PJ Utara MP Tony Pua The Prime Minister's Office now claims political sabotage but its carefully worded statement never denied that the US$700mil (S$940 million) went into his personal account?

If it's not true, why beat about the bush? Why not just deny outright that it never existed and was never deposited?

Kota Belud MP Datuk Abdul Rahman Dahlan Wall Street Journal would have sunk to the level of gutter journalism if it failed to show evidence to back its story implicating the Malaysian premier.

It is unbecoming of WSJ to publish such a scandalous and defamatory piece without providing hard evidence.

By quoting an unnamed investigator as a basis of a very defamatory report, WSJ has sunk to the level of gutter journalism … like the Sarawak Report.

Penang Chief Minister and DAP secretary-general Lim Guan Eng Najib must resign if he cannot explain the allegations in WSJ.

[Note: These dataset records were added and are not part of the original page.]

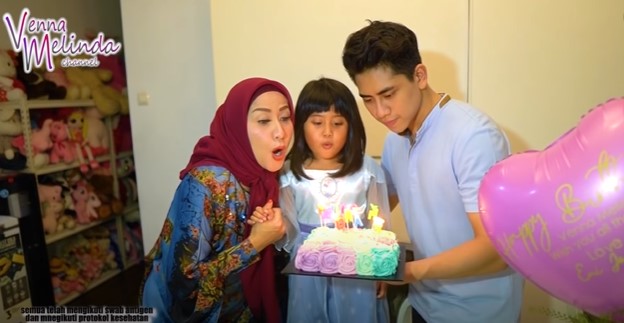 7 Momen ulang tahun ke-49 Venna Melinda, penuh berkah bersama keluarga
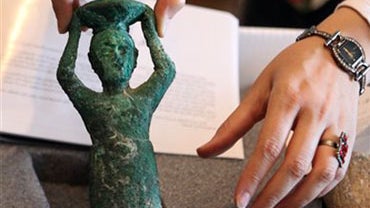 A Babylonian clay foundation cone, ca. 2100 BC, is displayed at the Iraqi Ministry of foreign Affairs in Baghdad, Iraq, Tuesday, Sept. 7, 2010. (AP) 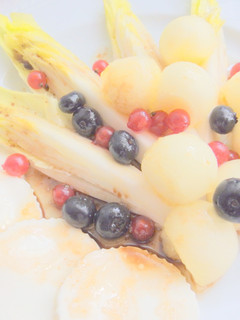 Una foto de Ensalada de endivias y fruta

Transparency International Malaysia head Datuk Akhbar Satar Let the authorities investigate. Let's not jump to conclusion on mere speculation.

Former prime minister Tun Dr Mahathir Mohamad The Inland Revenue Board must carry out tax audit on Najib, 1MDB executives and businessman Low Taek Jho.

I believe executives of 1MDB and its subsidiaries are paid high salaries. Have they paid taxes on their earnings?

Pokok Sena MP Datuk Mahfuz Omar Najib must sue WSJ if the allegations are false.